Page 39 of The Book of Lost Hours
NO ONE WAS COMING.
Lisavet didn’t know how long she was alone in that room.
She drifted in and out of this world and the one she knew better, her consciousness suspended somewhere between.
Every now and then, she was aware of someone in the room with her.
Of hands checking her pulse and administering more medicine.
In the far reaches of her mind, she knew she was alive, but it was almost as if her body had forgotten that fact.
But then one day, she awoke with a gasp and sat upright, feeling a rush of blood through her veins.
Her eyes opened on a stark white room, the lights dim so as not to overwhelm her.
Her vision was blurry and strained. Her skin was clammy, and she was desperately thirsty.
Everything seemed to hum, from the walls to the floor to the very air inflating and collapsing her lungs.
Across the room there was a metal table with a tray of food covered in plastic next to a glass of water.
She was no longer wearing her own clothes, dressed instead in a set of plain gray pajamas.
Her feet were bare. Her coat, watch, and everything else she’d been carrying with her were gone.

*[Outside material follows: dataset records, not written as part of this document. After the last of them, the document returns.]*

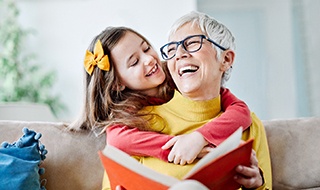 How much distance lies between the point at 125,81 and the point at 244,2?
2269mm

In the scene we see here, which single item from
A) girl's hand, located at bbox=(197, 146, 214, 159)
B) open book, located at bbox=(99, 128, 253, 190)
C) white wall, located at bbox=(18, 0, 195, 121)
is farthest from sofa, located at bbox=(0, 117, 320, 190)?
white wall, located at bbox=(18, 0, 195, 121)

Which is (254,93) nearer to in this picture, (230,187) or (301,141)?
(301,141)

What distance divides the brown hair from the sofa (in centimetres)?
7

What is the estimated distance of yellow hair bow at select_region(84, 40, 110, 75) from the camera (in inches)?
66.6

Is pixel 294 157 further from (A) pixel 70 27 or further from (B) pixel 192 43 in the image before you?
(A) pixel 70 27

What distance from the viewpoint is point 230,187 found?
123 centimetres

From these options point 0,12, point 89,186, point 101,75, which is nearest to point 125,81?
point 101,75

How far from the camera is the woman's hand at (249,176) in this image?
120cm

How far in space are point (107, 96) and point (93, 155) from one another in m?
0.22

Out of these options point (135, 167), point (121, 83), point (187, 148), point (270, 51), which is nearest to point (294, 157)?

Her legs shook as she moved to the side of the bed and braced herself into a standing position.
Every part of her body screamed in protest. She forced herself forward, anyway, intent on that glass of water.
She took several steps, struggling to keep her balance.
When she reached the table, she grasped the cup and gulped it down quickly, sloshing half of it down the front of her shirt.
She lost her balance and she let go of the cup to catch herself on the table. It hit the floor with a loud crack.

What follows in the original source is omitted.